# Stored data
=== Begin Enclosure ===

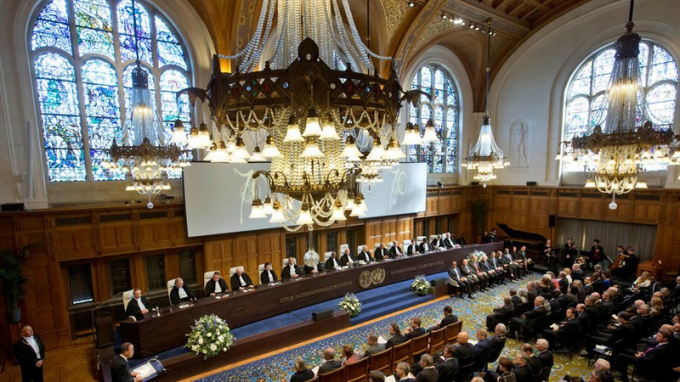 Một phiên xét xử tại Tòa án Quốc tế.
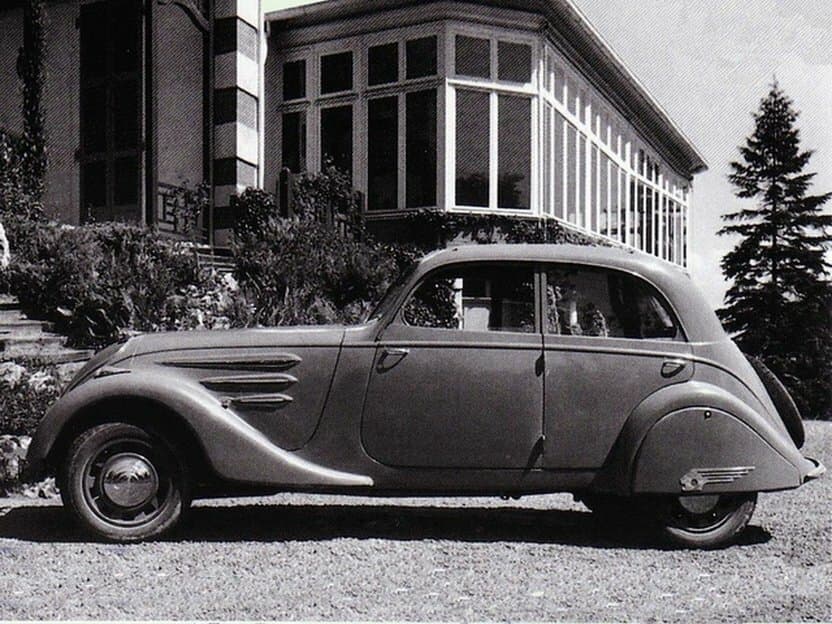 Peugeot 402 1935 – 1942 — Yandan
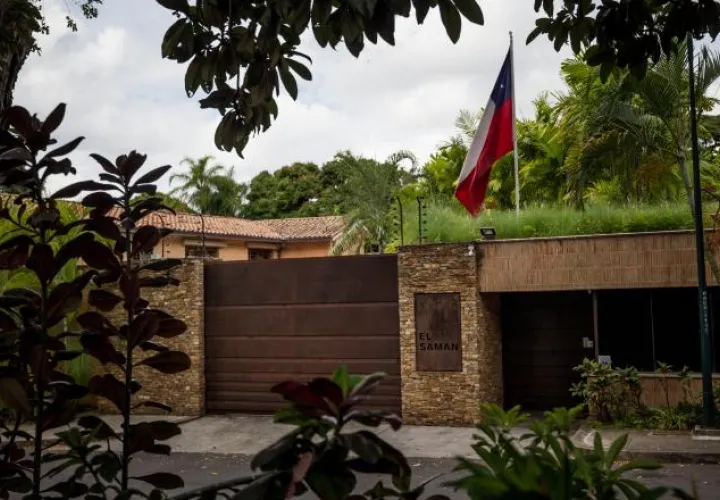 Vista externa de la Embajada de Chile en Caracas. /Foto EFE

=== End Enclosure ===

# Assignment
Return the material word for word, images omitted.

# Answer
 Một phiên xét xử tại Tòa án Quốc tế.
 Peugeot 402 1935 – 1942 — Yandan
 Vista externa de la Embajada de Chile en Caracas. /Foto EFE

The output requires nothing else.